Apple Fixes Alarming Spyware Vulnerability On iPhone, iPad, Watch And Mac, Update ASAP
Per Apple Support security content updates, updates for iOS, iPadOS, macOS, and watchOS all contain fixes for the three vulnerabilities that allow TriangleDB to work. The first vulnerability, tracked as CVE-2023-32434, was one of two credited to Kaspersky researchers and is a kernel-level vulnerability that "may have been actively exploited against versions of iOS released before iOS 15.7." The second vulnerability, CVE-2023-32439, is a WebKit problem wherein the maliciously crafted web content could yield arbitrary code execution, which may have been exploited in the wild.
The third and final vulnerability, CVE-2023-32435, is also a WebKit vulnerability credited to the Kaspersky team. Affecting older Apple devices, this vulnerability revolved around the processing of web content that could lead to arbitrary code execution and may have also been exploited in the wild. As Apple published the fixes for these vulnerabilities, Kaspersky published some more insight into what happened with what is called Operation Triangulation.

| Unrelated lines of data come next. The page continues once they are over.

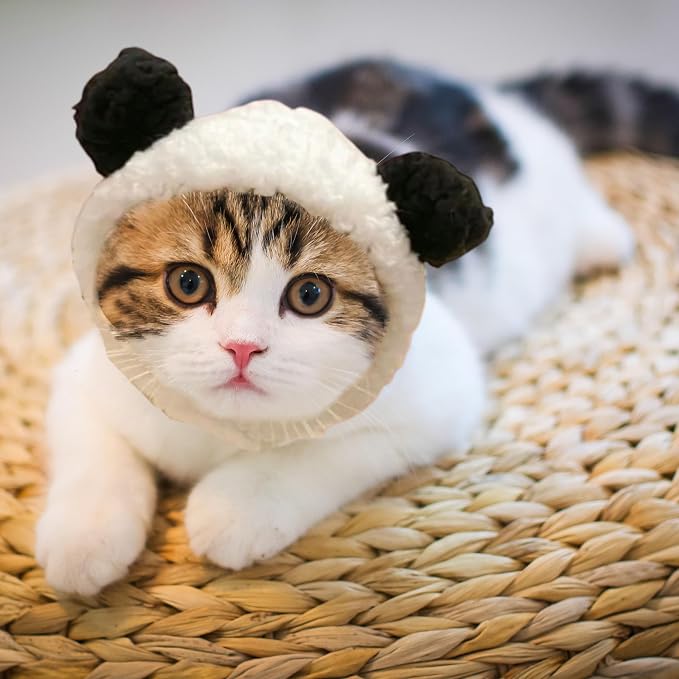 3pcs Hat for Cat Animal Costume Pack, Lion Head for Cats, Cat Panda Costumes - Image 6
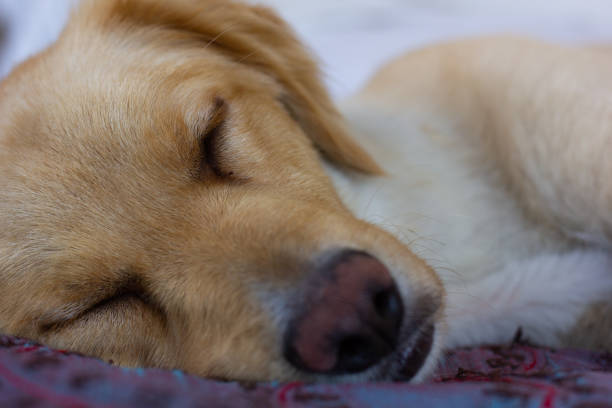 istock Closeup on light brown golden retriever dog sleeping 1343882275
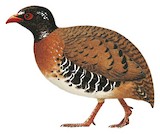 Red-billed Partridge Illustration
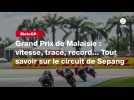 VIDÉO. MotoGP. Grand Prix de Malaisie : vitesse, tracé, record... Tout savoir sur le circuit de Sepang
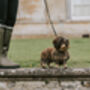 Pampeano 'Caza' Leather Dog Lead, thumbnail 3 of 5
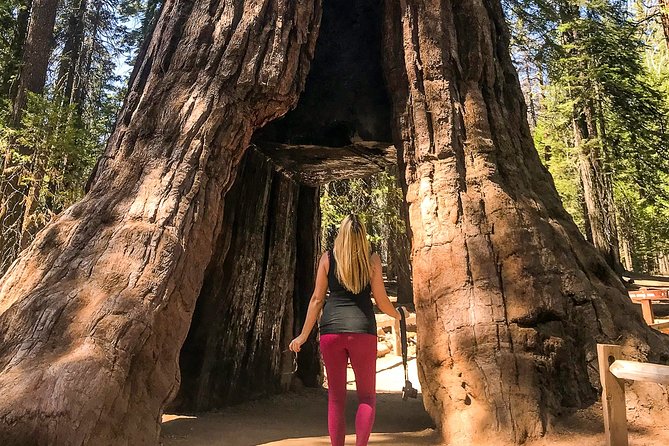 Yosemite and Giant Sequoias Day Tour - Additional Details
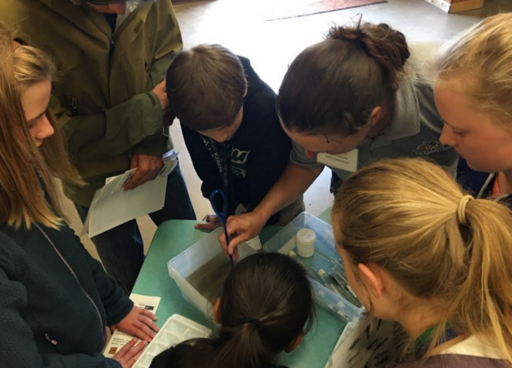 Activities at the Midwest SRS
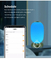 Akıllı Fener Masa Lambası Dekoratif Tuya APP Alexa Google Akıllı WiFi LED Işık
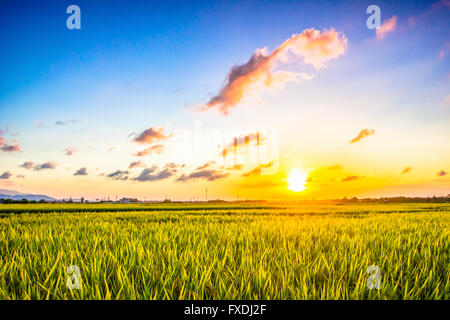 Der Anbau von Reis in der Sonne Reifen ist Gold Stockfoto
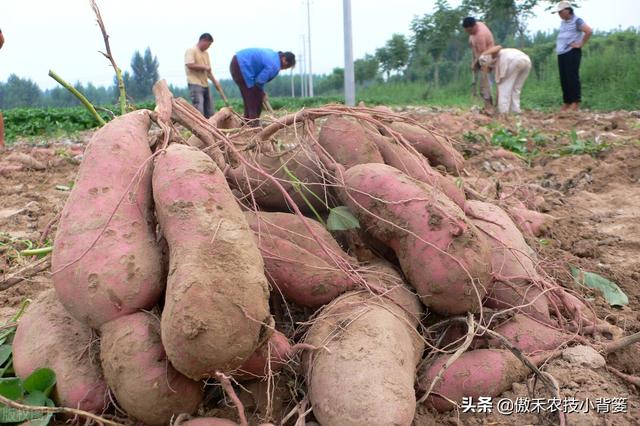 实现红薯高产多收并不难，种植管理技巧一定要掌握好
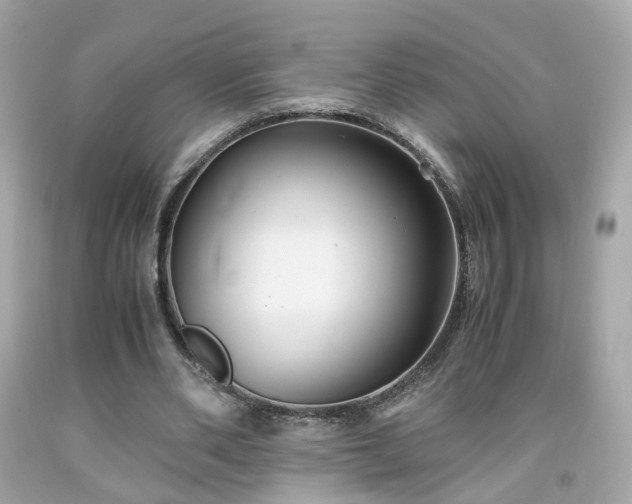 X0000091940486200709121622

The two vulnerabilities credited to Kaspersky led to the TriangleDB implant at the end of the Operation Triangulation infection chain. This chain is kicked off when a victim receives an iMessage with a malicious attachment that they do not see nor need to interact with, after which attackers gain root privileges on the victim's device. With this access, the attacker then deploys the TriangleDB implant to memory, which means that if a device is restarted, then the implant is lost, and the attack must start again. Provided the device is not restarted, though, the implant will automatically yeet itself after 30 days provided the attackers do not extend the spyware duration.
As far as capabilities go, TriangleDB can interact with the filesystem, including exfiltrating files, interacting with processes, dumping keychain items to get credentials, monitoring the victim's geolocation, and running other malicious modules that also run in memory. All of this was discovered after the Kaspersky Unified Monitoring and Analysis Platform (KUMA) platform discovered "an anomaly in [Kaspersky's] network coming from Apple devices." This turned out to be Triangulation spyware that had infected the iPhones of senior employees at the company.
However, Kaspersky believes that they were not the main target of the cyberattack. It is currently unclear who was to be the main target, but the Kaspersky blog uses the term "worldwide proliferation" concerning the spyware, so technically, anyone is at risk. Therefore, update your devices as soon as you can to protect yourself from the Triangulation spyware.